Christmas Cards worth Keeping

The other day I was busily running around the house doing the “honey-do’s.” I’m not sure if that expression is sailor talk? I’ve no idea where it came from other than all of my friends who are sailors call them that. A Honey-do is the around the house chore, often completed on the weekend at the expense of some other activity with friends. Why’s it called a “Honey-do”? Because the person asking for the things done is normally “Honey” and when speaking to you they are saying “Honey do this, Honey do that, Honey are you done yet? When you are done, Honey, can you do this over here!?” I digress, this post was not supposed to be about Honey do’s, but rather what happened to me the other day while doing things for honey around the house. I had a surprisingly unexpected and reflective moment.

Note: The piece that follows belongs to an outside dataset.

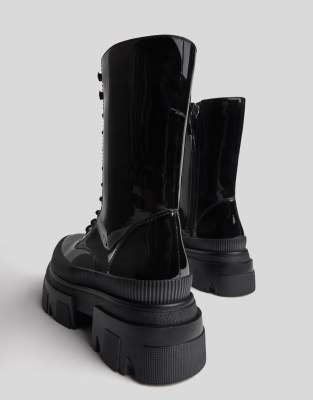 chunky boots calf length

By late afternoon, I had achieved quite a few things. I’d thrown out innumerable children’s toys that were missing pieces. I’d picked up clothes strewn all over the house. I’d stuffed the summer things from the attic into the basement storage closet, and I found myself approaching seeming completion of the Honey-do list, which by the way is impossible. Think asymptote…look it up if you don’t know the definition. It’s almost as obscure as the word fungible.

Anyhow, seriously my last trip to the attic, avoiding successful completion of the honey-do’s, I wandered over to another area of the attic and started cleaning up random things. I had found an old file box. It was white cardboard with black ends and a little string that wraps around to keep the box shut. The top of the box was dusty and slightly discolored with age. I recognized the box as something I had cleaned out of my Mom’s home years ago. As I unwrapped the string and opened the box I remembered what it was…this box represented the very last “thing” that I possessed containing items from my deceased father. Sadly, he died a painful and slow death on September 21, 1985. I was barely a young man and it was a very difficult time.

So here I was, just more than 22 years later in my attic sitting on the floor in front of a file box with the last few things from my deceased dad. I opened the box to see what I had once only barely glanced at. The file box contained papers. It was only about one third full. I had never done anything before except just glanced inside. I really had never wanted the torture of revisiting his death and I think I feared that there might be something in the box that would only open more questions than provide answers. Whatever was in that box on those papers that my father had kept wouldn’t bring him back. I wasn’t even sure they were papers he had kept. For all I knew they were random papers lying about gathered and thrown into a box.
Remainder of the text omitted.